(Short web captions)
______
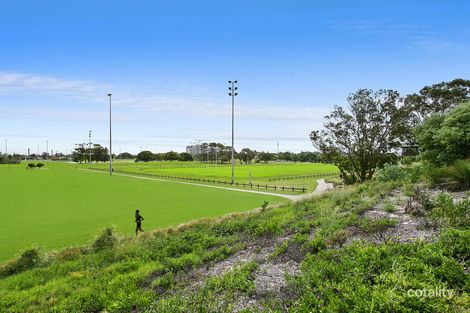 Property photo of 967 Anzac Parade Maroubra NSW 2035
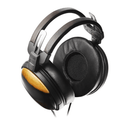 Audio-Technica NARUKAMI ATH-AWKG Audiophile Closed-back Dynamic Wooden Headphones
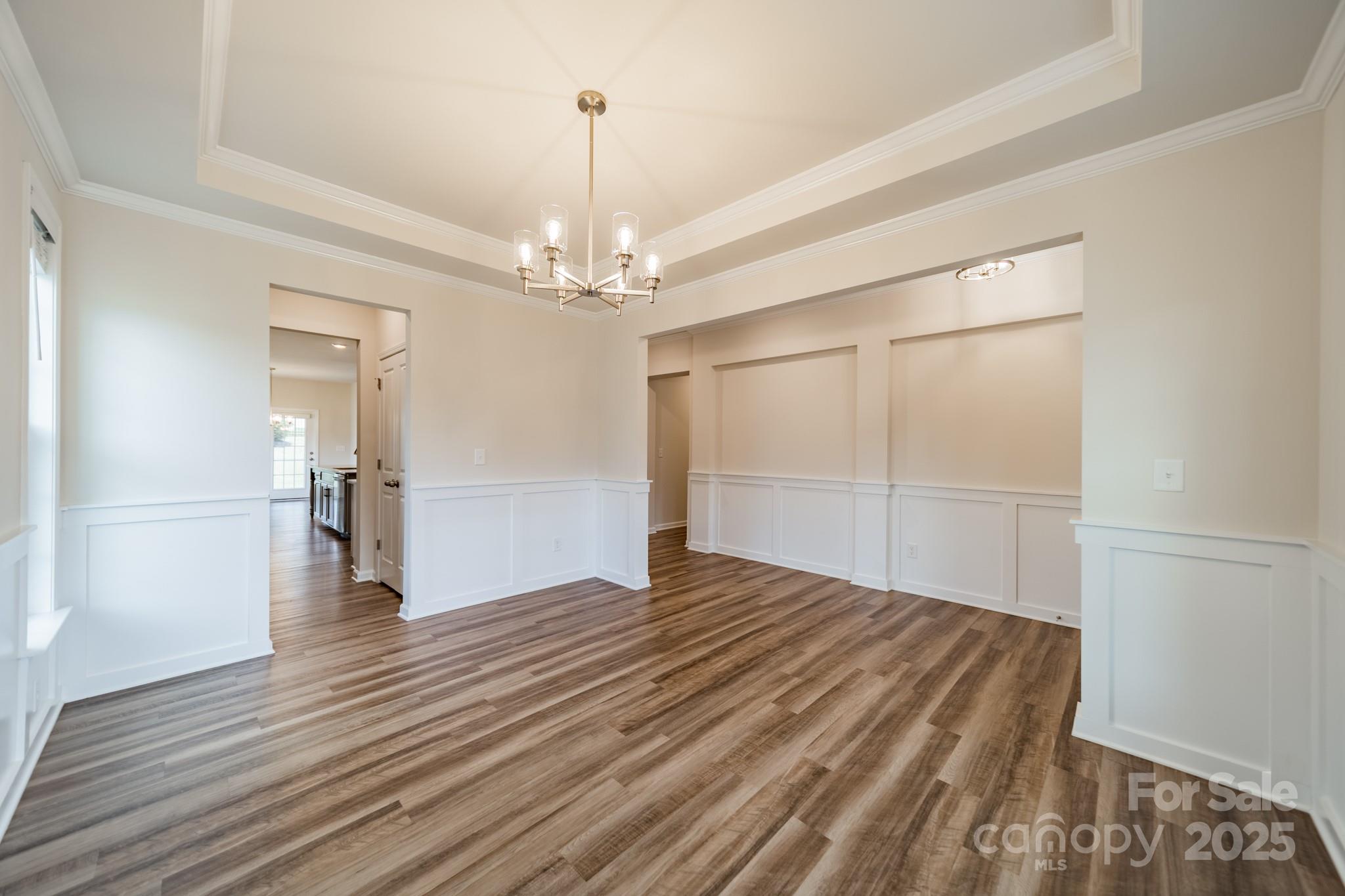 Covington - Residential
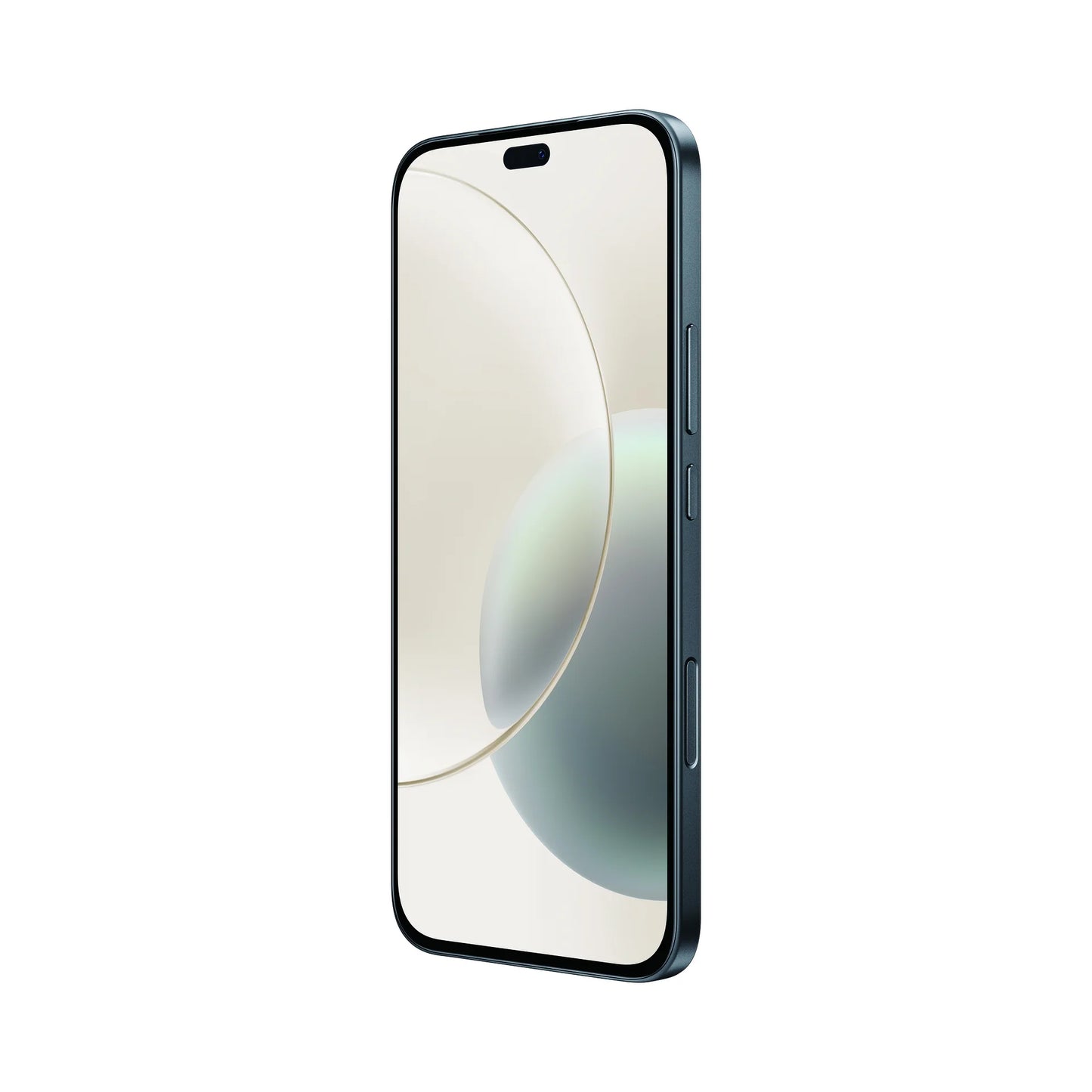 https://www.incredible.co.za/api/catalog/product/h/o/honor_400_lite___black___front_right_ecommerce_a18c.png?store=incredibleconnection&image-type=image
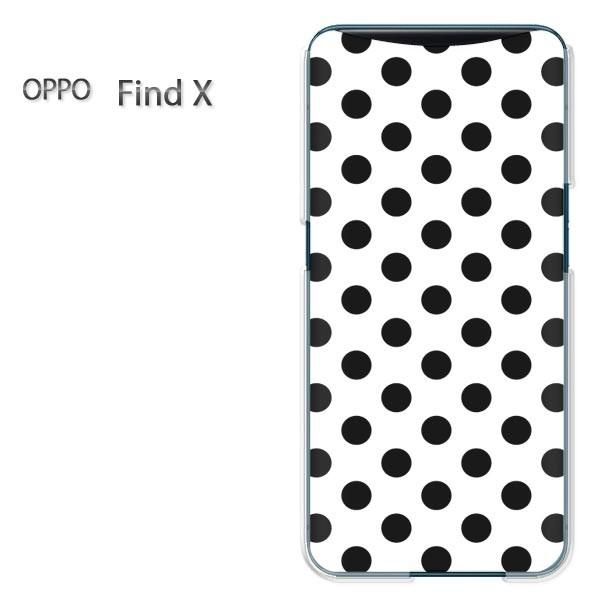  FindX P[X Jo[ OPPO Find X hbg()/findx-pc-new1906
______
_REQUIRED ACTION_
Give back all the records as they stand, but with no pictures in the copy.

_SOLUTION_
 Property photo of 967 Anzac Parade Maroubra NSW 2035
 Audio-Technica NARUKAMI ATH-AWKG Audiophile Closed-back Dynamic Wooden Headphones
 Covington - Residential
 https://www.incredible.co.za/api/catalog/product/h/o/honor_400_lite___black___front_right_ecommerce_a18c.png?store=incredibleconnection&image-type=image
  FindX P[X Jo[ OPPO Find X hbg()/findx-pc-new1906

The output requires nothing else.